1931, l’Exposition Coloniale. Quelques jours avant l’inauguration officielle, empoisonnés ou victimes d’une nourriture inadaptée, tous les crocodiles du marigot meurent d’un coup. Une solution est négociée par les organisateurs afin de remédier à la catastrophe. Le cirque Höffner de Francfort-sur-le-Main, qui souhaite renouveler l’intérêt du public, veut bien prêter les siens, mais en échange d’autant de Canaques. Qu’à cela ne tienne ! Les « cannibales » seront expédiés.
     Inspiré par ce fait authentique, le récit déroule l’intrigue sur fond du Paris des années trente – ses mentalités, l’univers étrange de l’exposition – tout en mettant en perspective les révoltes qui devaient avoir lieu un demi-siècle plus tard en Nouvelle-Calédonie.

Mon évaluation :

Livre : 7/10

Ecriture : 2/5

Originalité : 4/5

Addictivité : 2/5
 
Personnages : 3/5
 

Mon avis : Un livre intéressant sur l'exposition coloniale de 1931

Le livre de Didier Daennick est très intéressant au niveau culturel et historique, il nous révèle le côté beaucoup moins "extraordinaire" et beaucoup plus factice de l'Exposition coloniale de 1931, qui s'est déroulé à Paris, dans le bois de Vincennes. L'histoire, c'est celle que nous raconte Gocéné, un des Kanaks qui a dû aller "représenter son peuple" à l'exposition. Il est séparé de Minoé, sa promise, alors il s'évadera de l'exposition en compagnie de Badimoin, le cousin de Minoé, pour aller la retrouver.

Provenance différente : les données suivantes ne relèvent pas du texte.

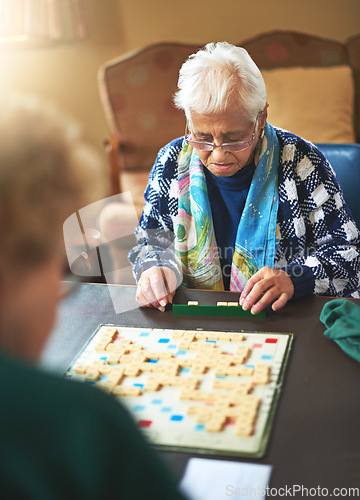 Image of Board game, senior women and nursing home friendship or old people, thinking and play games together in retirement. Elderly friends, entertainment or hobby or table, retired and assisted living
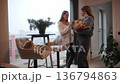 Two women play with cats in a cozy apartment on a cloudy day 136794863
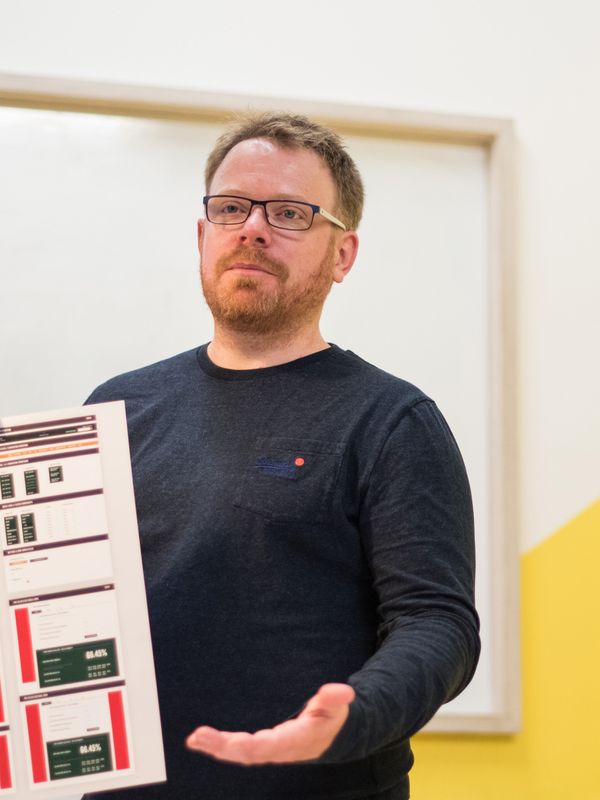 Matt holding a printed design during a workshop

Leur péripe au travers du Paris des années trente ne m'a pas tellement emballé, et c'est seulement parce qu'il fallait le rendre pour lundi que je l'ai lu aussi vite. Le style de Daenninckx est assez monotone, il ne rend pas la lecture plus intéressante. Alors même si c'est un livre à lire pour sa richesse et pour l'histoire, ne le lisez pas en quête de sensations fortes, de poésie ou de suspense. Après, c'est un livre très court, donc c'est plutôt difficile d'y porter un avis positif du côté du plaisir de la lecture.